Sudan (MNN) — We’ve covered some of the recent changes sweeping Sudan: from a coup that removed a 30-year dictator Omar al Bashir from office to a constitutional amendment which removes Sharia law as its primary source.
It’s a monumental shift, but hearing it from the Sudanese themselves provides some perspective on just how significant these changes are. We had the chance to speak with Amos, a missionary who has a passion for the Arab world, working in Sudan and South Sudan.
Something’s different in Sudan
The first inklings of change came when a team with whom he worked was trying to work out logistics for Sudan’s church leaders to attend a conference. Up until now, the government’s red tape for these leaders to leave the country was significant. “Prior to this time, they had to scrutinize all the people traveling, because of the Islamic state of Sudan. Any Christian group traveling out, they check them out. And then when they come back, they further monitor them. When they come back, they have to report.”
However, because the new government established a ministry office for church affairs and plans to loosen government restrictions on churches, the conference team decided to try something new. “When we were planning the conference, we thought of how to avoid all these immigration things. We thought we would fly them to Juba and then from Juba to Nairobi, but then we said, ‘let them fly directly from Khartoum to Nairobi.’ To our amazement, all these Christian leaders flew from Khartoum to Nairobi without any problem.”
Working while the sun shines
A full delegation of Sudanese attending a Christian conference was rare. However, the potential that the delegation’s attendance represented excited Amos and the conference team. “We were able to give them tools that will help them in their church planting work among the unreached people groups– like audio Bibles, microSD cards, (and the) JESUS Film.” What’s more, says Amos, “They took all these things inside the country without any problems. Wow. This has never happened before.”

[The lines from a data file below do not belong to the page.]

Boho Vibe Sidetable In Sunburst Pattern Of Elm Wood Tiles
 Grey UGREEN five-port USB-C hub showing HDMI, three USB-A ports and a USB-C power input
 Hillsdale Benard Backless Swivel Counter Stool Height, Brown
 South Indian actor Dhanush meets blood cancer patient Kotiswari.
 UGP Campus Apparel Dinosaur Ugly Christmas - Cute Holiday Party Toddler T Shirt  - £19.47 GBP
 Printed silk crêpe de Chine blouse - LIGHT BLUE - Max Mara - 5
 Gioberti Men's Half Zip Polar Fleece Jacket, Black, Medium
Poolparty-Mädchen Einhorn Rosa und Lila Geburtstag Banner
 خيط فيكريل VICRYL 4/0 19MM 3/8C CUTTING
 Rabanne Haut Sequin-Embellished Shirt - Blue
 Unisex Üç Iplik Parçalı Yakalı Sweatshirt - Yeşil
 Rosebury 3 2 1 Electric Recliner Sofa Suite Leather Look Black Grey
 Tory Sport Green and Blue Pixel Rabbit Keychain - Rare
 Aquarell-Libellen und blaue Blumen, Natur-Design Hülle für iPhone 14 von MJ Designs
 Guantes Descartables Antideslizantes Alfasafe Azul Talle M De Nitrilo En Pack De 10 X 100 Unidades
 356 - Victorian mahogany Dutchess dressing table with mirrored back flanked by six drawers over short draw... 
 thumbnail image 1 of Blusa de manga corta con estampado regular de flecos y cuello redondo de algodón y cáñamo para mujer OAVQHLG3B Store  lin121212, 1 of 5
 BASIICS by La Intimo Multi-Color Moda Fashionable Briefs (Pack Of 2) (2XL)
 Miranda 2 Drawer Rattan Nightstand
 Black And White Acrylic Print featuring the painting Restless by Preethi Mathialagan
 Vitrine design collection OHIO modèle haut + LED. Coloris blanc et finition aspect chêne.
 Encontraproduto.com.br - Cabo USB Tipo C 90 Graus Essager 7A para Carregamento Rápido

The message changed, too. Emboldened by the success of equipping these church leaders, the focus became: “‘ You can reach your people who have not yet heard the Gospel!’ As you know, Sudan has the largest number of unreached people groups in Africa.” Amos says this is the time for the global Church to help the churches of Sudan, to equip them, and empower them to reach the unreached people groups of Sudan with the Gospel. Amos explains that this is a short window of opportunity. “The next three years (are) very, very critical for the work of God in Sudan. What is happening now has never happened before. I believe that is because of years of prayers for Sudan.”
Praying for the future
The transitional government plans to rule for a couple years before holding a presidential election. That means in three years, Sudan faces another general election. Nobody knows what will happen then. However, to prove its dedication to change, “The government organized a workshop, inviting the church leaders to discuss how the churches can be involved in the development, social development, and nation-building of Sudan. This has never happened in the history of Sudan.”
Amos says for the government to invite church leaders to discuss their role in a new Sudan is a huge answer to prayer. It also comes with challenges. “We need to pray for the church leaders to be one because the past government betrayed the church, so they are divided.”
Restoring trust, forgiveness, and reconciliation in the body of Christ in Sudan won’t be a simple fix, says Amos. However, going from despair to hope in the space of 12 months gives the followers of Christ great boldness and confidence in approaching the throne of Grace. He invites you to pray with him along these lines: “I think now, the Church of Sudan must begin to be the light and salt that Jesus says we are as followers of Him and then to pray for this transition government, that the Lord will put His fear upon their hearts, as the leadership that they will pursue truth and justice that will bring unity.”